Some A/C units are set up so that the fan continues to run. This is so the A/C unit does not freeze over from running for too long. Have you checked the A/C that is not not freezing over? This will require you to get on the roof and check. This will happen with high cooling and low fan.

This happened to me on another rig that the A/C would run then stop cooling but the fan is still running to try and cool down the rig, but the fins are frozen over and thereby the fan tries to cool the rig but can't which causes the fins to cool even more. Try using the high fan with the high cooling to ensure air circulation. Is the A/C vented (overhead ducting) or standalone (blows air directly out of the unit)? These could help with moving the air around. Ironically, the hotter the climate the worse these small A/C units work.

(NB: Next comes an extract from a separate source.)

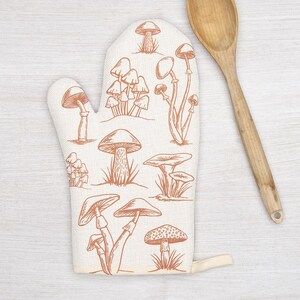 May include: A white oven mitt with a brown mushroom pattern. The mitt has a loop for hanging.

You might have to buy a stonger A/C or even a second one but then you might run into power problems is you only have a 30 amp rig.

If there is no thermostat then the unit should be running constantly at whatever setting you set and only change when you get up and change the setting.

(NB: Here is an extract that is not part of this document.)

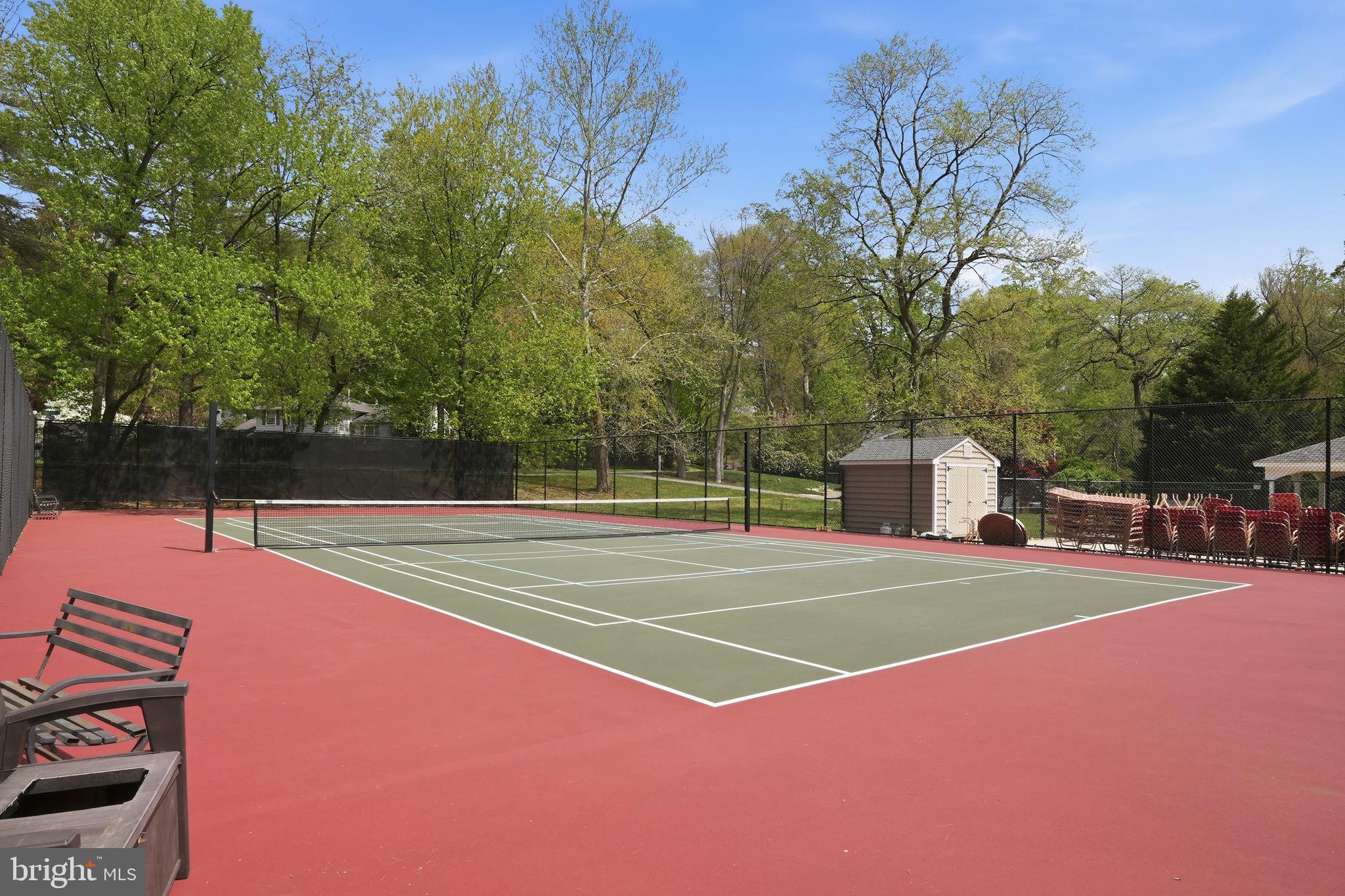 1567 Comanche Road Arnold, MD 21012 - Photo 66 of 67 Serene tennis court in lush greenery.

If you have a thermostat the A/C is coming on and off then I doubt it's the thermostat. If the unit runs constantly or never turns on, then I'd suspect the thermostat since it's not controlling anything.


----------



## bobvaughn (Sep 26, 2008)

*Too large an A/C*

I do not think you stated how large the a/c is. If you have a 15,000 btu then the unit is too large for the size of the unit.....It will put out enough cold air to satisfy the thermostat before the rv is actually cooled down. On high cool the fan needs to move as much air across the evaporator as possible. It removes the moisture in the air that is what makes the rv feel cool. Put fan on high and put temp on coldest until everything inside is cooled off then adjust thermostat. Make sure the filter is clean and none of the ducts are blocked. If it a ducted system look up in the unit and make sure it is clear to blow air down the ducts. Installation errors do occur. When we bought one of our rv's the dealer had been running the a/c for a couple of hours while they installed the wd hitch. Just as we started the walk thru it quit. They replaced it while we finished up the walk thru and paper work....


----------